On Thu, 12 Oct 2017 09:09:32 -0700, Jeff Liebermann
wrote:

On Thu, 12 Oct 2017 11:37:08 +0100, Steffo
wrote:

I read an interesting article that sooner or later we will not only use
driveless cars as means of transportation, but also 70% of people will
prefer to live in driveless homes http://tinyurl.com/yangl6pa rather
than buy expensive condos/houses.


Yep. If it moves, is road legal, and can be computerized, it can be
automated to drive itself. Just keep the mobile home moving so that
it never needs to find a parking space. Progress blunders onward.

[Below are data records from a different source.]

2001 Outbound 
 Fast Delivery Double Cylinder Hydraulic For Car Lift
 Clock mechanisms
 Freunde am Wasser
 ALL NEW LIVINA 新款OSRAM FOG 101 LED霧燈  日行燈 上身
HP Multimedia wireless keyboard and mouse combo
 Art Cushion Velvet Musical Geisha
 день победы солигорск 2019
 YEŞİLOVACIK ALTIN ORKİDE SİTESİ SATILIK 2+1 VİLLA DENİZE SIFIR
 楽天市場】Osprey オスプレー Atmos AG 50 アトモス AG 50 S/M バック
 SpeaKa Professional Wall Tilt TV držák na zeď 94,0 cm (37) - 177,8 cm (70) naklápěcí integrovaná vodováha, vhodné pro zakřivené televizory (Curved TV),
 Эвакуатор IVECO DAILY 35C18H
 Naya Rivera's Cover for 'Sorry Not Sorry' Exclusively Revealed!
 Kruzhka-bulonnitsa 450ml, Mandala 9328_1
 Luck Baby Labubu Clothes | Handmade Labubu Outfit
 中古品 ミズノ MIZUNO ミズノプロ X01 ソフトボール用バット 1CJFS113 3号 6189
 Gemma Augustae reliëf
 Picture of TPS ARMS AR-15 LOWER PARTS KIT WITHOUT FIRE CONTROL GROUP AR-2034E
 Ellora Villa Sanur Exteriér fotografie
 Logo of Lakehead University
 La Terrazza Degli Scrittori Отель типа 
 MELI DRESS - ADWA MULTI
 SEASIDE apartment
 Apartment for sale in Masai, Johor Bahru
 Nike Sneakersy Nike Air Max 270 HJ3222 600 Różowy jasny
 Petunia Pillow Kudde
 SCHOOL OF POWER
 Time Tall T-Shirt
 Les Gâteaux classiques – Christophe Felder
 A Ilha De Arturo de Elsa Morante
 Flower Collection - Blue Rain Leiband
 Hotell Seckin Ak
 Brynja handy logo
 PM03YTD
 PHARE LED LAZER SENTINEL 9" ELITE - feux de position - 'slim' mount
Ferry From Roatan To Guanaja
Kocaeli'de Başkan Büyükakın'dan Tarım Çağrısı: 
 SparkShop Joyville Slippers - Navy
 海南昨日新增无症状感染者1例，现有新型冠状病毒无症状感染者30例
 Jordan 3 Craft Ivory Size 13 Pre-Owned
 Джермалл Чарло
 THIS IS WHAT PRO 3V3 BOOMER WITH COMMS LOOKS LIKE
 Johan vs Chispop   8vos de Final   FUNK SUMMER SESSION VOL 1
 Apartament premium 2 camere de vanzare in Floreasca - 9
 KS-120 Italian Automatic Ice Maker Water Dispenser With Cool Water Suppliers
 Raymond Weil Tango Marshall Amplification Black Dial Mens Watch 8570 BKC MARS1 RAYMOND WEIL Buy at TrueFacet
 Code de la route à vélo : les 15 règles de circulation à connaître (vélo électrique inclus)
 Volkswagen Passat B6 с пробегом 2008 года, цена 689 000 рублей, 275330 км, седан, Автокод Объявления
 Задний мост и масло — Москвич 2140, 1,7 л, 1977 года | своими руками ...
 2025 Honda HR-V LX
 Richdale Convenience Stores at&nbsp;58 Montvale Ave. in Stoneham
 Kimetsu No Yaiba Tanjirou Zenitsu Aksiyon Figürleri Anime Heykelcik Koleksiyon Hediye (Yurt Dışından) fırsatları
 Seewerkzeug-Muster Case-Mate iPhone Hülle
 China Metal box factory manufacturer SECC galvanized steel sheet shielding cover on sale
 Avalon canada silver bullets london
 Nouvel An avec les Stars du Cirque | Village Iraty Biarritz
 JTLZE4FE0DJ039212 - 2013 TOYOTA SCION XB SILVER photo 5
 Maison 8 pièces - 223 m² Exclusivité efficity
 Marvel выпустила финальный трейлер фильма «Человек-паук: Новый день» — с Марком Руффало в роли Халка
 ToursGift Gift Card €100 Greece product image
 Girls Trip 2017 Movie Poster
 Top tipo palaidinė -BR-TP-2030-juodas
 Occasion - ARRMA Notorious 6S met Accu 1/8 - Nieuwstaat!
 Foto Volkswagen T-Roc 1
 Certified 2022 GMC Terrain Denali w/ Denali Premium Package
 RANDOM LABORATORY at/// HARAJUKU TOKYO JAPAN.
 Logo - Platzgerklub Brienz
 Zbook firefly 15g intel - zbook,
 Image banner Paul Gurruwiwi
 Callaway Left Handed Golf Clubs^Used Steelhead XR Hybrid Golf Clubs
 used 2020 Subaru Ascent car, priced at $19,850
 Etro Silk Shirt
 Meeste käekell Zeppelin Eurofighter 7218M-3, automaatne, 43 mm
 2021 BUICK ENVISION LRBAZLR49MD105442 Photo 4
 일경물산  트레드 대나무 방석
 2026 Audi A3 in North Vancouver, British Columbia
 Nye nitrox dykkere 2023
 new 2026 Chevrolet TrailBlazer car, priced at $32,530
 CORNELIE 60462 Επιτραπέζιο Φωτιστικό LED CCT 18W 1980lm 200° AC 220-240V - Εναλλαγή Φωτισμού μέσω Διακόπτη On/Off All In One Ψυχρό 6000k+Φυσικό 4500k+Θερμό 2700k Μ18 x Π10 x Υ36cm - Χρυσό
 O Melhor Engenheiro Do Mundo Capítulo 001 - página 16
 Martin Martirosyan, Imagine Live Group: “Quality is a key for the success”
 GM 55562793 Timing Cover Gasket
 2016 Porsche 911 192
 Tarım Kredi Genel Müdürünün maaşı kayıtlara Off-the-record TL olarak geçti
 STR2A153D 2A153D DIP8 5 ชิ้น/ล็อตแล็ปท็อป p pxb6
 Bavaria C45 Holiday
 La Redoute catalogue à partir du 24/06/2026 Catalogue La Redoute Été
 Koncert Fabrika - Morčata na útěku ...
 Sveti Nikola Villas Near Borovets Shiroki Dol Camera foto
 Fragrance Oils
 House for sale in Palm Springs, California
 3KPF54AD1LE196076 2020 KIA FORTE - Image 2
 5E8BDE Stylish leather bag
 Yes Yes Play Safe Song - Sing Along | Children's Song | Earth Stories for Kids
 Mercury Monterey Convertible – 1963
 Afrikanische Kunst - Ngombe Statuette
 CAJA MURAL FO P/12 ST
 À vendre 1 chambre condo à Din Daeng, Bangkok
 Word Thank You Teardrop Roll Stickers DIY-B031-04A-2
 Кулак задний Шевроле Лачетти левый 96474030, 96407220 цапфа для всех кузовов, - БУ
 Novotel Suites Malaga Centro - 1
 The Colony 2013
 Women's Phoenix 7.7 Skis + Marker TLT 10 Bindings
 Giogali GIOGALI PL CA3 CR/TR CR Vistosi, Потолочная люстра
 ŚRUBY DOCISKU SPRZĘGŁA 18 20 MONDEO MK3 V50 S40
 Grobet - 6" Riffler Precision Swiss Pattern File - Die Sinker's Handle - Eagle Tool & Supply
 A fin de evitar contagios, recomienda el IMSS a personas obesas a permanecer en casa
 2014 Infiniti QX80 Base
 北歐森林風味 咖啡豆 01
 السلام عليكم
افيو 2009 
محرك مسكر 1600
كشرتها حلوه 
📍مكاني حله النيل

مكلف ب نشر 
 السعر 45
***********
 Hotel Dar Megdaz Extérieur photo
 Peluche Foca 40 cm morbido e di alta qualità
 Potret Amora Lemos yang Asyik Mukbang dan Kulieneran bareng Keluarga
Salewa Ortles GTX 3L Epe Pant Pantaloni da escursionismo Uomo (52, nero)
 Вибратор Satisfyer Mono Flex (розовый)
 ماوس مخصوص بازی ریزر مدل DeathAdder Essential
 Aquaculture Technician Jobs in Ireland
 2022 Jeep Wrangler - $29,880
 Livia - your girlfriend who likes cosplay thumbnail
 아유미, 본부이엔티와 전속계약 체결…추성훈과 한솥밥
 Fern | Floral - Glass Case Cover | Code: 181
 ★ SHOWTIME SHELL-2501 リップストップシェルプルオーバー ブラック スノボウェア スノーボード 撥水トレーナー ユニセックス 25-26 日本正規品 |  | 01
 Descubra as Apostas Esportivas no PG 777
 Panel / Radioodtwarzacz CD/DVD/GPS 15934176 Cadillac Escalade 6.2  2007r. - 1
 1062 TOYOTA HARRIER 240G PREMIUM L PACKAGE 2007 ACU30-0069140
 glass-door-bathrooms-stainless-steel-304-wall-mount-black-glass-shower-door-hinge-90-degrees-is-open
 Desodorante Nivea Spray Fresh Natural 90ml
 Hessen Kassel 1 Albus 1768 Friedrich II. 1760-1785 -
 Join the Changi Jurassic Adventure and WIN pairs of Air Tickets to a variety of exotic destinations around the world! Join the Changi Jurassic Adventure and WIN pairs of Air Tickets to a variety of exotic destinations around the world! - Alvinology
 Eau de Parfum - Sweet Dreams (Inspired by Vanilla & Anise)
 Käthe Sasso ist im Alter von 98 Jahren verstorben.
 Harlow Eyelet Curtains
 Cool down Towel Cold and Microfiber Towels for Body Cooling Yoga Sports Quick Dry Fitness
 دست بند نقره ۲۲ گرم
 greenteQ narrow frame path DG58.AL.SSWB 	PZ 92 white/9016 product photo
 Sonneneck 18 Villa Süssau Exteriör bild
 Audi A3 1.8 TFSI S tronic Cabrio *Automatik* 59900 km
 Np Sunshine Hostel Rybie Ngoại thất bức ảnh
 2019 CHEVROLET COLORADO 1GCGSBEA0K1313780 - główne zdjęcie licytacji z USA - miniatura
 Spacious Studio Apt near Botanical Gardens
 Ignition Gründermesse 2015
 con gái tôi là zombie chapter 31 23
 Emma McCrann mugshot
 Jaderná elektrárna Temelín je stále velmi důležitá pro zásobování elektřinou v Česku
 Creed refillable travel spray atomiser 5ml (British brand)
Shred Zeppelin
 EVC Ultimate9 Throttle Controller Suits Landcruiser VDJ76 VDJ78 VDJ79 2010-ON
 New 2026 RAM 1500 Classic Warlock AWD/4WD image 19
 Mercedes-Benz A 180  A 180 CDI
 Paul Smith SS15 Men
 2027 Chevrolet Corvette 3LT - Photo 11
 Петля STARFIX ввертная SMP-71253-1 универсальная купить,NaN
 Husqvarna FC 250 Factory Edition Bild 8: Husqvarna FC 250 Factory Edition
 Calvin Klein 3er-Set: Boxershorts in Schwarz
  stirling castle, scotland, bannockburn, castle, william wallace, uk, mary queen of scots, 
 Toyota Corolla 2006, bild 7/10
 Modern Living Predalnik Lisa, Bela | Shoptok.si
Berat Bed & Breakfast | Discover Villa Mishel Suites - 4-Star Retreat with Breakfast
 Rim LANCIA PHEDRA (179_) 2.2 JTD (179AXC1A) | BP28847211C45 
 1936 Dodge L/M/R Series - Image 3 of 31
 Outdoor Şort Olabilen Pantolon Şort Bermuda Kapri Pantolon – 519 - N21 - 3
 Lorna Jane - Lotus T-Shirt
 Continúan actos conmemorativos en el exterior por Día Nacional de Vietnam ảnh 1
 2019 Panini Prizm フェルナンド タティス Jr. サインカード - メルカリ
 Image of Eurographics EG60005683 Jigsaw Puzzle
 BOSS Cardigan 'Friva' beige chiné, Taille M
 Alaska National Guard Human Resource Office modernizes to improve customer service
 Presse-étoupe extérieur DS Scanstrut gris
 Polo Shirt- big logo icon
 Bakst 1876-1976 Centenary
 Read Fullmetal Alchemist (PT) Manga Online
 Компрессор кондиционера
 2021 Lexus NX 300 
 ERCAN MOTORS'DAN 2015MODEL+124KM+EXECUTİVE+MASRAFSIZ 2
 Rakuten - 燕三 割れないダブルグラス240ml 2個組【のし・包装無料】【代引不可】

Just one problem. The road infrastructure that the US built during
the 1930's depression, and again during the cold war, is falling
apart. Roads are designed to last about 25 years and bridges about 50
years. The better built freeways, maybe also 50 years. The whole
concept of driverless cars assumes the existence and maintenance of
smooth, clean, pot hole free, and safe highways. By the time
driverless cars are perfected and the Luddites have been exterminated,
the cost of replacing and repairing the highways will probably reach
the crisis point. The car of the future might just be a 4x4 with an
articulated suspension, designed to make it's way over the rubble that
was once our freeway and highway system.


And given the (would one say "normal"?) population growth in the U.S.
the roads will be long parking lots :-)
--
Cheers,

John B.

  #113  
Old October 13th 17, 02:33 PM posted to rec.bicycles.tech
[email protected]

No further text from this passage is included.